Kaliya Young · September 21, 2007 · Leave a Comment

This story is shocking.

An MIT student wearing a device on her chest that included lights and wires was arrested at gunpoint at Logan International Airport this morning after authorities thought the contraption was a bomb strapped to her body.
Star Simpson, 19, was wearing a black hooded sweatshirt and approached an airport employee in Terminal C at 8 a.m. to inquire about an incoming flight from Oakland, according to Major Scott Pare of the State Police. She was holding a lump of what looked like putty in her hands. The employee asked about the plastic circuit board on her chest, and Simpson walked away without responding, Pare said.
“She said it was a piece of art and she wanted to stand out on career day,” Pare said. “She was holding what was later found to be playdough.”
Affixed to the front of her black sweatshirt was a pale beige circuit board with green LED lights and wires running to a 9-volt battery. Written on the back of the sweatshirt in what appeared to be gold magic marker was the phrase “socket to me” and below that was written “Course VI,” which refers to the electrical engineering and computer science program at MIT.
According to the MIT website, Simpson is from Kihei, Hawaii, and is a sprinter on the school’s swim team.
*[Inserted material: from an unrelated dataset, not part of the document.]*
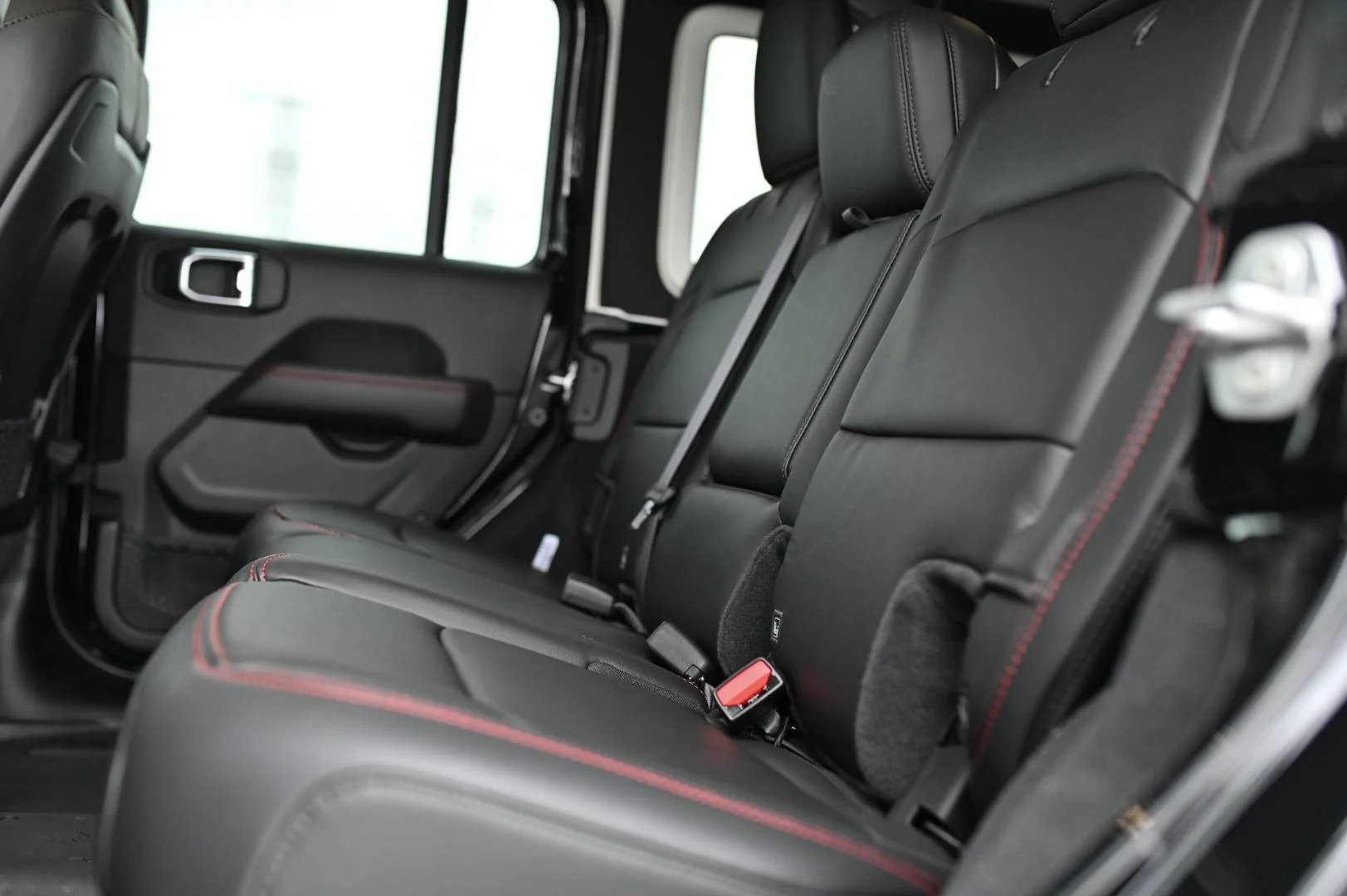 Jeep Wrangler RUBICON 2.0 TURBO 272k 8AT 4WD | Begam Trnava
On Simpson’s personal website at MIT, she says she is studying computers and enjoys tinkering in a student-run machine shop.
“In a sentence, I’m an inventor, artist, engineer, and student, I love to build things and I love crazy ideas,” the website says.

So where the whole incident started from was the security gaurd who thought her art was suspicious. From my experience with those kinds of people in airports or otherwise they were likely not that educated – certainly not aware of the ways of computer geeks and how this sort of art would be really not be a-typcial. Seems like we have some ‘diversity training’ needs of our own as a culture.